I recently received an invitation that contained a thought-provoking quote by natural cookbook author Alice Devine Loebel: "Put your energies into sustaining the system that sustains you."
The invitation was for the second annual Building the Community of Organic Growers, Retailers, Wholesalers & Consumers gathering, a meeting to continue a conversation that began at the Eco-Farm Conference in 2000. There, it became evident that we needed to work together if we were to make sustainable farming economically sustainable for the growers, retailers and wholesalers involved. So Paul Cultrera, the general manager of Sacramento Natural Foods Co-op, invited all interested parties to meet at the store to expand the dialogue.
The first meeting attracted a large group of growers, retailers, wholesalers, educators and brokers and ended with a commitment to develop stronger relationships and communication.
Sacramento Natural took the lead again this year and held a second meeting. About 50 people attended, and it brought together veterans and respected industry participants in Northern California sustainable agriculture—growers Full Belly and The Apple Farm; wholesaler Veritable Vegetable; distributor UNFI's Mountain Peoples Warehouse; farming organizations Rural Development Center, Agriculture and Land-Based Training Association, and Community Alliance with Family Farmers; and a group of cooperatives and retailers.
The group divided in two—one part dealing with fair trade for farmers and the other with consumer education.
Reports From The Field
Creating a communication network for pricing volume and quality issues using computer links, market reports and other resources was seen as key. The group also discussed developing a fair trade farming label to ensure consumers that farmers are part of a network that is paid fair prices for proper land stewardship and good labor practices. The group's idea was to take fair trade beyond the organic rule.

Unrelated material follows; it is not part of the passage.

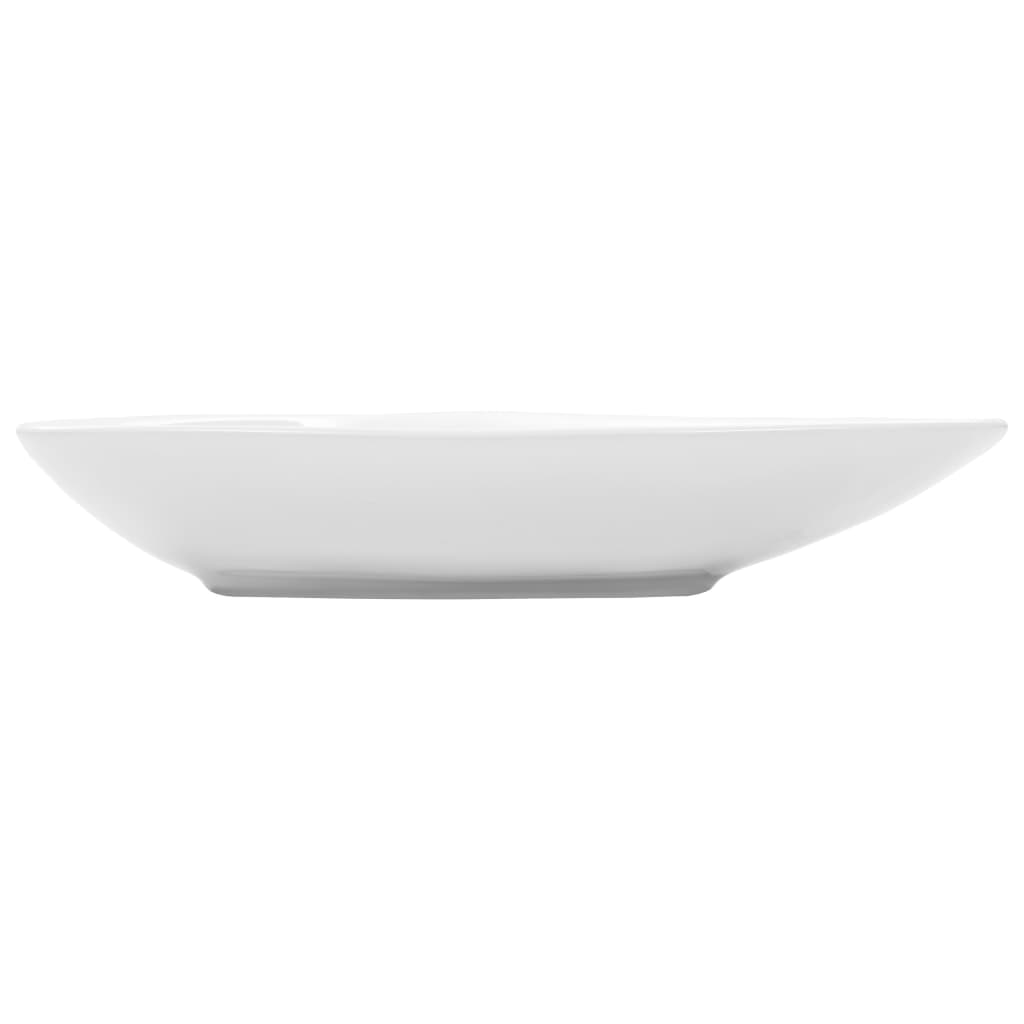 vidaXL keramikas izlietne, balta, trīsstūra forma, 645x455x115 mm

Creating a dynamic, cost-effective cooperative consumer education and marketing program that would connect farming, food, health, social justice and the environment was seen to be of primary importance. Participants agreed to write a one-page synopsis of the day's discussion and progress and to develop an e-mail network to communicate progress and continue the dialogue over the next year.

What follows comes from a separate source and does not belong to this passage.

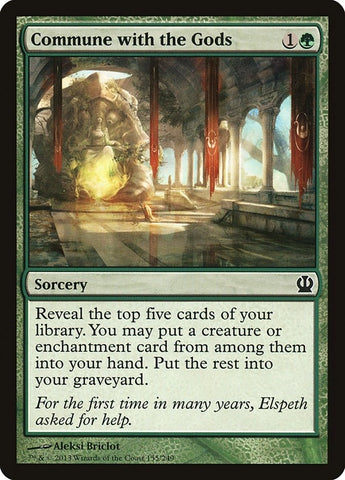 Image for Commune with the Gods (155) [Theros]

As I've written before, confronting these issues, and continuing the dialogue that goes along with them, is essential to the health and future of sustainable and organic agriculture. In the past, businesses often tried to do it alone; but as the industry has grown, it's become increasingly evident that partnerships and collectives are essential. I applaud the leadership shown by Sacramento Natural to initiate the dialogue, and the willingness of participants to take time out of their busy schedules and to put aside competitive differences to work for the good of the organic and sustainable cause. Perhaps this can serve as an example to others in different regions of the country to do the same. Then we all will be following the advice of Alice Devine Loebel.
Resource For Staff, Shoppers
I recently viewed a video, Organic Agriculture & Food, created by California Certified Organic Farmers' Marketing Director Helge Hellberg. The 40-minute video covers the history of organics and a range of other subjects—current organic regulations, labeling, certification procedures, pest management, livestock treatment, nutrition, and the differences between nonorganic and organic agriculture and food. The video could be a valuable resource for retailers facing the challenge of employee turnover.
In addition to educating staff, it could be beneficial for customers who want to know more about organic food.